Friday, November 25, 2005

Funky business

Funkybusiness This is definitely an interesting book to read. The authors convincingly outline the dynamics of today's economy as it edges closer to a market driven, knowledge hungry space shaped by the combined forces of cooperation and smart competition, where you and I are freelance agents, autonomous companies, brands. Me Inc. as the authors like Tom Peters claim. And Me Inc. has to be a brand that generates powerful positive emotions. Me Inc. must be an experience customers love.



On the negative side of the book: the extremism of the authors in making their case of a society of individuals who are fully in charge of their fate and who "are what they do", who "are their projects", who "are their contracts".  It does make sense to question the ways in which labour relations, contracts, business deals, employer-employee dynamics were organized for the industrial age. However, that does not necessarily mean that welfare systems should disappear or that as a society we should stop caring for those of us who are impaired temporarily or permanently to take care of their interests alone. In addition to that, as an NLP practitioner I have hard time accepting that people can ever be what they do. A projet, a professional activity, human behaviour are not tantamount to identity. And while I agree that our jobs will be more and more project based, temporary, uncertain, changing and defined by the benefits they bring to the customer, I think there is a way to be passionate, committed, valuable to a project, loved by the customer and to have tons of fun without necessarily reducing the extreme and unique beauty of the individual to that individual's activity.

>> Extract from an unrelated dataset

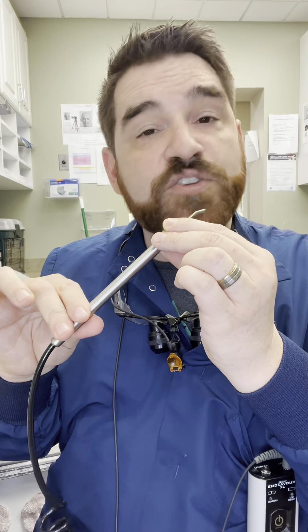This is an electric pulp tester. It works by using an electrical charge to tell you if the nerve is functioning. A nerve that is working will actually conduct an electrical charge, and that's what this detects. First we use a little bit of toothpaste on the tip and then place the tip onto the tooth that we're testing.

There are a few other things in the book I feel skeptical about, like for example the assertion that the role of Government is more or less irrelevant, that the nation state's ability to influence events is more or less negligible and the creation of an elusive factor called "the forces of funk" to justify phenomena that would be worth studying.



Overall though it is an excellent read and good food for thought that should be a good introduction to the Information Age and the knowledge economy.